Image-text web data:
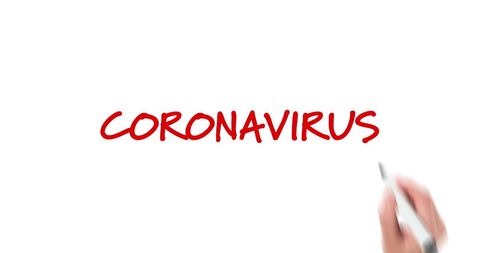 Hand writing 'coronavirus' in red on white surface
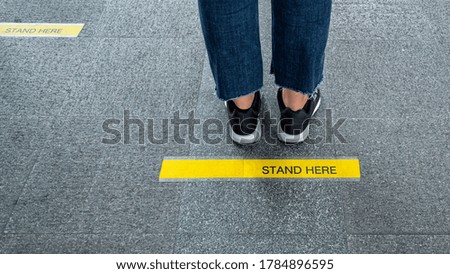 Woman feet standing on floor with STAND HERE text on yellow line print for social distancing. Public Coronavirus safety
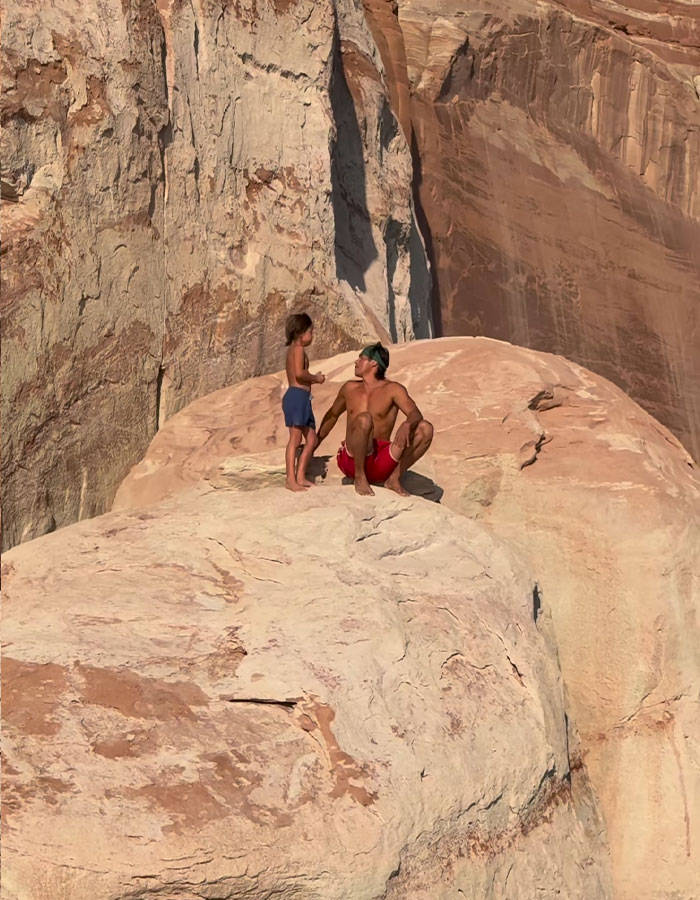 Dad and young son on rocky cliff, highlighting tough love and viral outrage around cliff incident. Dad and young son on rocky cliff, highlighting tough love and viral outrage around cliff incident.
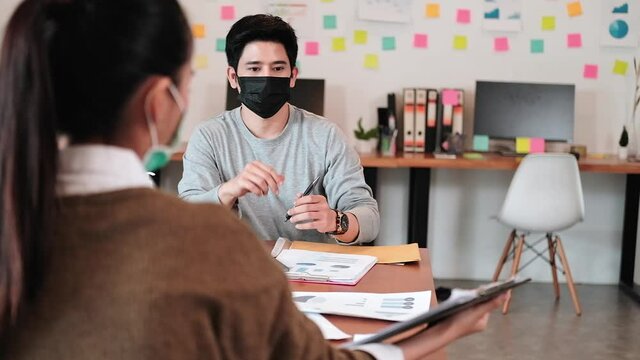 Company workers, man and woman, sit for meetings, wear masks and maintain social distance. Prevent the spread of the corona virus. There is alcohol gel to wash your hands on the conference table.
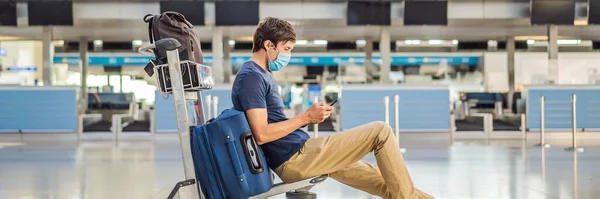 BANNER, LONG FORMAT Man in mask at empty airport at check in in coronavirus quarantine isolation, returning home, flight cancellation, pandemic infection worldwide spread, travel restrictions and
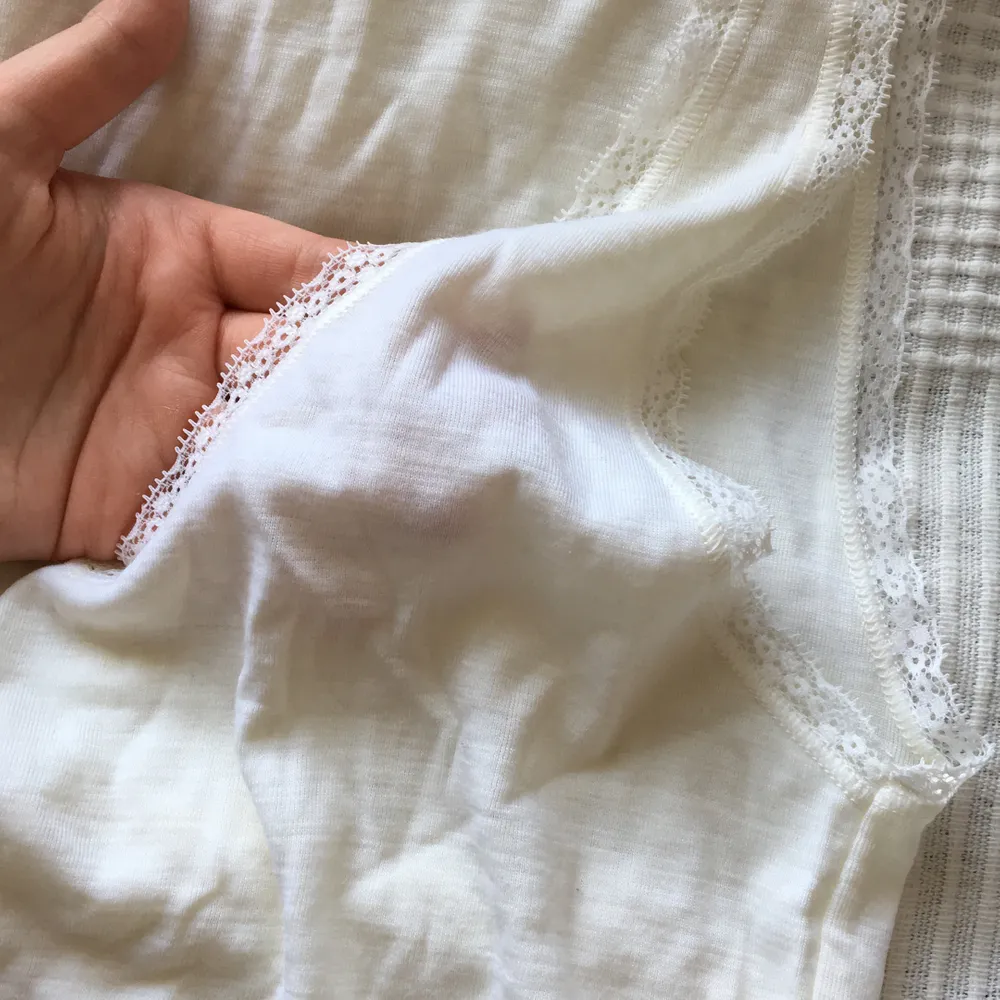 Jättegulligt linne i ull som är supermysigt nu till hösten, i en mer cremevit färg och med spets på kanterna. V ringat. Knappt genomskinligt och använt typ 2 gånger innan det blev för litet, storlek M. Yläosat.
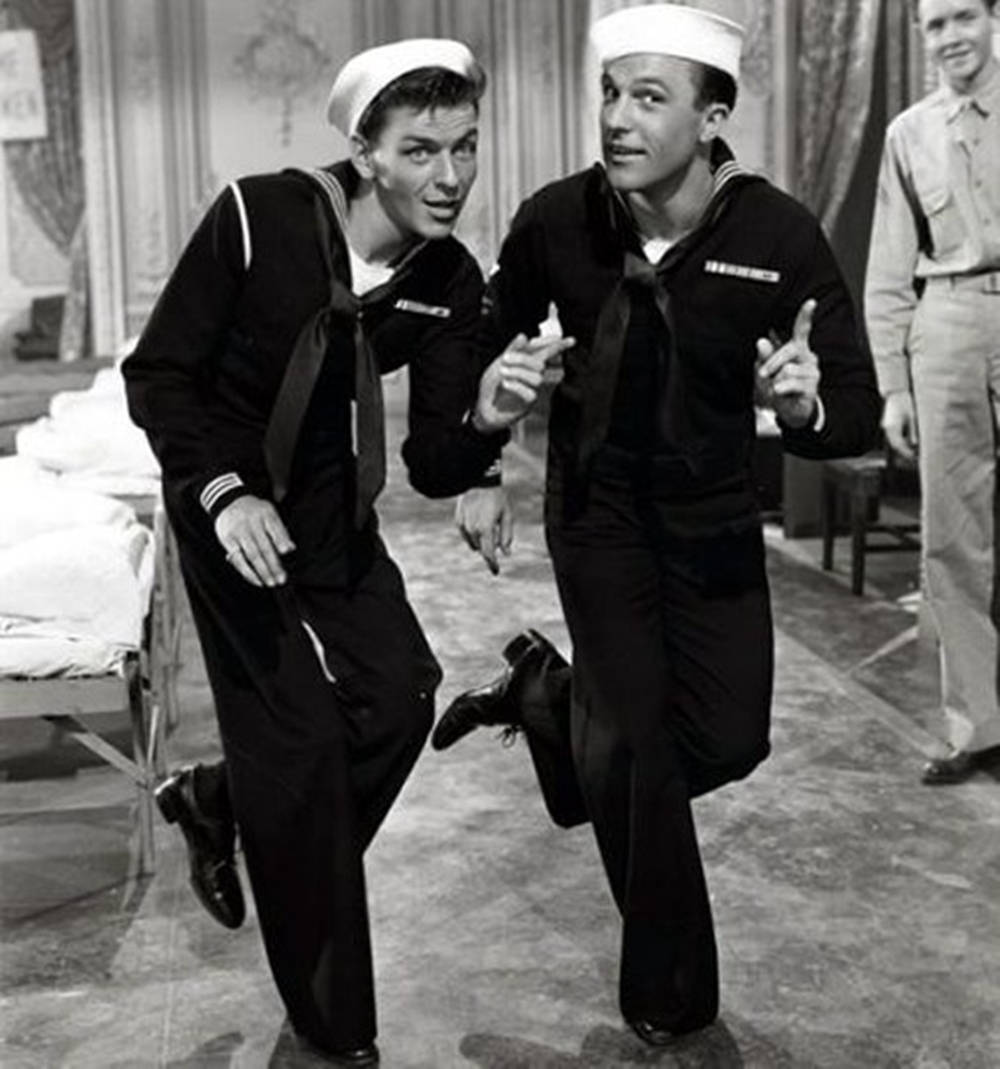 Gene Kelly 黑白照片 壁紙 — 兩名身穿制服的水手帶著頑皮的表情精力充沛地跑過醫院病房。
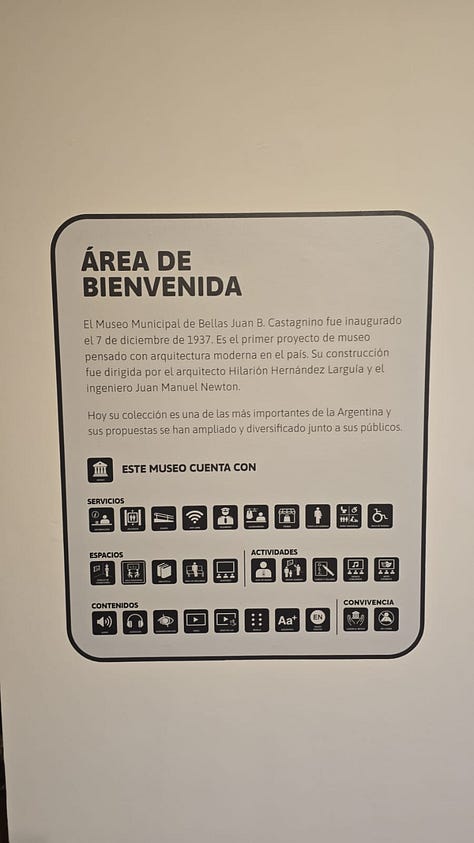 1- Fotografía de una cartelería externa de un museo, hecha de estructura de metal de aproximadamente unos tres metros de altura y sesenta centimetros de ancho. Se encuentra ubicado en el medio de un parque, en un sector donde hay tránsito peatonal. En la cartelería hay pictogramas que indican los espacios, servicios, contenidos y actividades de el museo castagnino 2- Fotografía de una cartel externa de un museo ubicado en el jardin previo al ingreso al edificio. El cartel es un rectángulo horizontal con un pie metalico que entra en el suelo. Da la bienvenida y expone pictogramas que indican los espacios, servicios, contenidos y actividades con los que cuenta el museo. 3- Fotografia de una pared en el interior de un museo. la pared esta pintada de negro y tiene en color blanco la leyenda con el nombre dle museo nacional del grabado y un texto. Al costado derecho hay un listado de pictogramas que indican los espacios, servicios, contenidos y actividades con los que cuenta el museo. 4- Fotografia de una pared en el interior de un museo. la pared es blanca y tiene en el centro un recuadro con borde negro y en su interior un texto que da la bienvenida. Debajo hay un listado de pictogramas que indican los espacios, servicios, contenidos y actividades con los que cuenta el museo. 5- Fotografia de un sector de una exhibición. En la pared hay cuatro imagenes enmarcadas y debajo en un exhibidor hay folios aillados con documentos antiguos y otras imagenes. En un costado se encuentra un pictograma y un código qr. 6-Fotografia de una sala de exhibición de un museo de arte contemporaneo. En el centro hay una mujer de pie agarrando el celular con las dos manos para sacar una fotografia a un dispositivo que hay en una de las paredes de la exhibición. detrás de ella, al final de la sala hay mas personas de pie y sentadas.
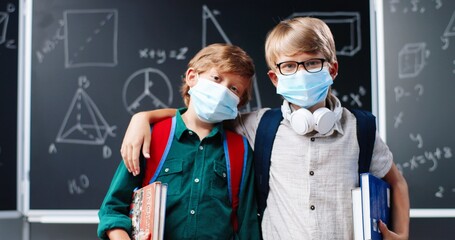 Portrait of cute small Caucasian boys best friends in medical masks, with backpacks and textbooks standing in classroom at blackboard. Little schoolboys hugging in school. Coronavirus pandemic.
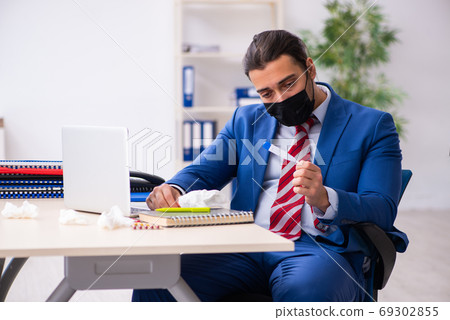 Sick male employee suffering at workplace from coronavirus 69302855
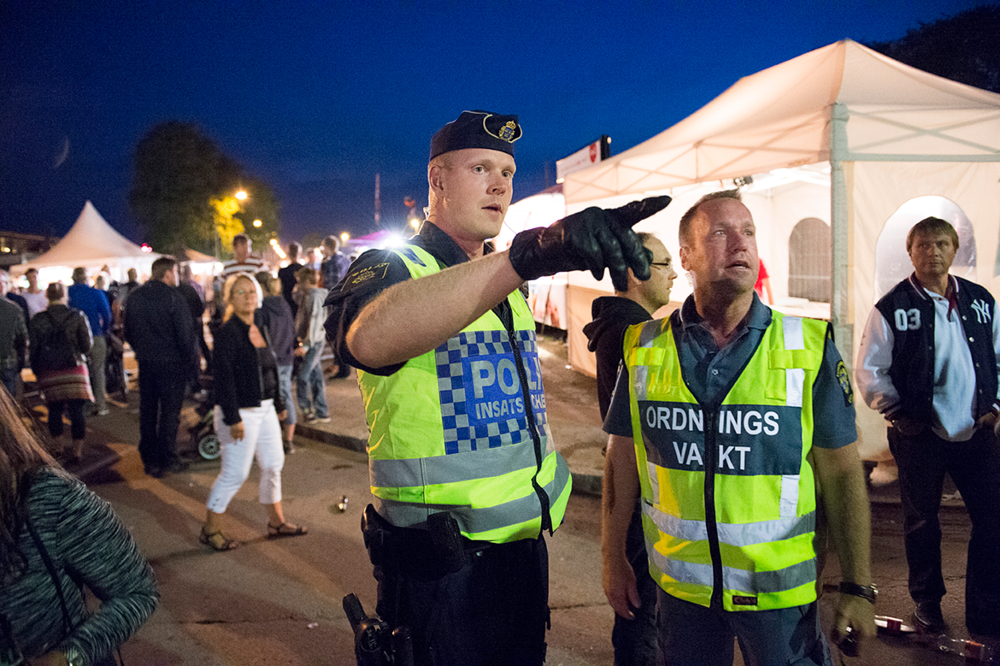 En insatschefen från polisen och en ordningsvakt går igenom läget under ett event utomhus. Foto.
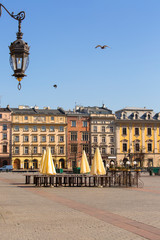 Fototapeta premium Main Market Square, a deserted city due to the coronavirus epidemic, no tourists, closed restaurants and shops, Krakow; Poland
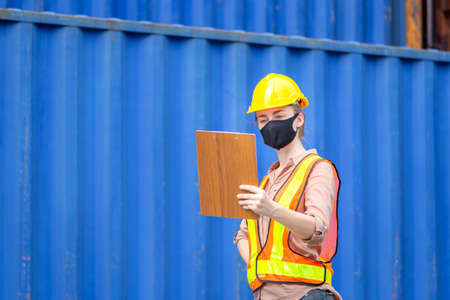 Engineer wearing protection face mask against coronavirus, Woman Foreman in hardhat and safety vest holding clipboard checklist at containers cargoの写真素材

= Exercise requirements =
Find the line that contains "Fototapeta premium Main". Reproduce it and every later line of the records exactly, minus the pictures.

= Your solution =
 Fototapeta premium Main Market Square, a deserted city due to the coronavirus epidemic, no tourists, closed restaurants and shops, Krakow; Poland
 Engineer wearing protection face mask against coronavirus, Woman Foreman in hardhat and safety vest holding clipboard checklist at containers cargoの写真素材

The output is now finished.